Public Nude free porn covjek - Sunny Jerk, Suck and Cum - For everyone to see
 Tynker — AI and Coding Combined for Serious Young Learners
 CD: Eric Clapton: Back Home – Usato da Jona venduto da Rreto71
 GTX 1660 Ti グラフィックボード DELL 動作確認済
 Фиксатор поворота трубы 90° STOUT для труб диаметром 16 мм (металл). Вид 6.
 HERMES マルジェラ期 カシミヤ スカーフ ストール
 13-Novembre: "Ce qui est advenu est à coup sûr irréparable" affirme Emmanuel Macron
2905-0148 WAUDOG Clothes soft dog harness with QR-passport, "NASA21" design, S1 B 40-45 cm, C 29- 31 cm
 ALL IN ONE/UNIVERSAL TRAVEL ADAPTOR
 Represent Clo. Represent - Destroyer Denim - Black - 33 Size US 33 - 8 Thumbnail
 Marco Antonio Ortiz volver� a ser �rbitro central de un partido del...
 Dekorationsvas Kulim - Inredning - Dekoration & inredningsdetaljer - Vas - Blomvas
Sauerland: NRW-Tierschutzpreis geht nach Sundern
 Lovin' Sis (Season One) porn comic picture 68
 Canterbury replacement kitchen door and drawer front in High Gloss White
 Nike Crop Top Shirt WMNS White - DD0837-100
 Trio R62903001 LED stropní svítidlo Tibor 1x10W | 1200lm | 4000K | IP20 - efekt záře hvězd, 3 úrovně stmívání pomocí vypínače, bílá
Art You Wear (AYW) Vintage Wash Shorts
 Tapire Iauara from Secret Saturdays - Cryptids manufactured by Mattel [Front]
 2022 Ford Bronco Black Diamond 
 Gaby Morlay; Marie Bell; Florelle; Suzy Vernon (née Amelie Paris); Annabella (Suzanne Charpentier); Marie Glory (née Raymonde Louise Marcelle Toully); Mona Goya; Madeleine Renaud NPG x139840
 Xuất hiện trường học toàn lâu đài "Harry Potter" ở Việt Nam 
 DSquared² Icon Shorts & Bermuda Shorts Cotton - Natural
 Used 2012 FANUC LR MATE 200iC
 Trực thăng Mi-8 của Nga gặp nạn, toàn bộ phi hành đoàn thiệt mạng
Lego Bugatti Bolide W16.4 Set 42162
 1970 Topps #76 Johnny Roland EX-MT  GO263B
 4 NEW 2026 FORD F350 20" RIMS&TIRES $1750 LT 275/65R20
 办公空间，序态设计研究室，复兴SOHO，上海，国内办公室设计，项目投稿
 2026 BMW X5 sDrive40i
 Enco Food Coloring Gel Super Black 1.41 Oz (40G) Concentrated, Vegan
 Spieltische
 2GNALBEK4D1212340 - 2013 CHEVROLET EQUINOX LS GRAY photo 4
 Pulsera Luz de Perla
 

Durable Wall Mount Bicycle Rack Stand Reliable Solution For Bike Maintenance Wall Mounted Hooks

▸ **Exercise**:
Starting at the line that has "Nike Crop Top Shirt WMNS White - DD0837-100" in the records above, restate word for word every line until the one that has "Art You Wear (AYW) Vintage Wash Shorts", and include that one as well.

▸ **Written answer**:
 Nike Crop Top Shirt WMNS White - DD0837-100
 Trio R62903001 LED stropní svítidlo Tibor 1x10W | 1200lm | 4000K | IP20 - efekt záře hvězd, 3 úrovně stmívání pomocí vypínače, bílá
Art You Wear (AYW) Vintage Wash Shorts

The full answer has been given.